Dataset excerpt:

■ ■ ■ ■

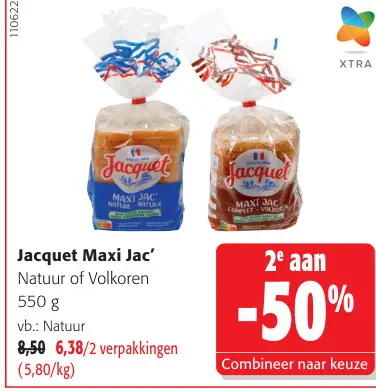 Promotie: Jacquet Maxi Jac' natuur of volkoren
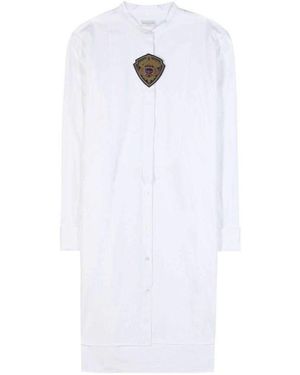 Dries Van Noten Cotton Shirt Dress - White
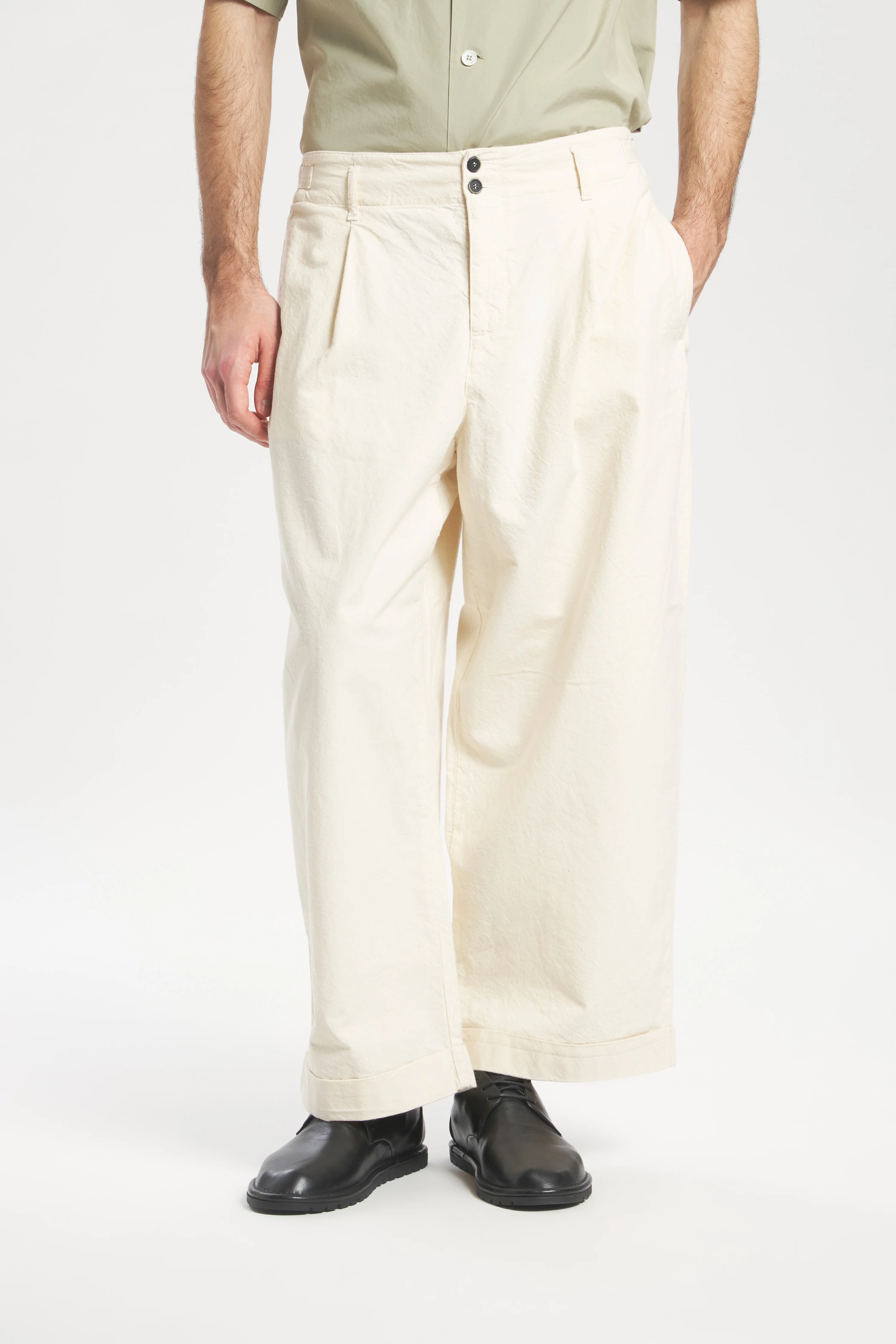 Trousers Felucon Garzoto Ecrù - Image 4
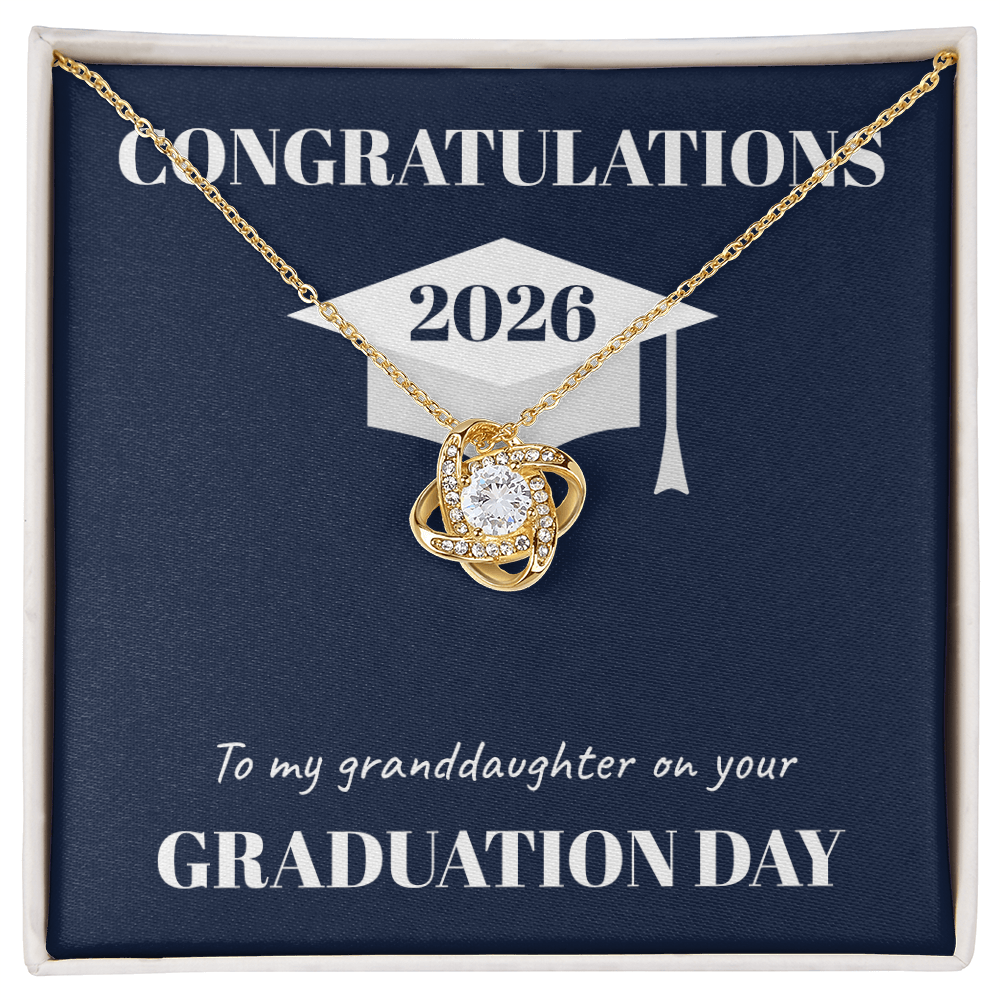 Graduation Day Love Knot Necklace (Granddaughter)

■ ■ ■ ■

Exercise objective:
What you print must be exactly the lines from the one containing "Dries Van Noten Cotton Shirt Dress - White" through the last line of the material, and no pictures.

Exercise answer:
 Dries Van Noten Cotton Shirt Dress - White
 Trousers Felucon Garzoto Ecrù - Image 4
 Graduation Day Love Knot Necklace (Granddaughter)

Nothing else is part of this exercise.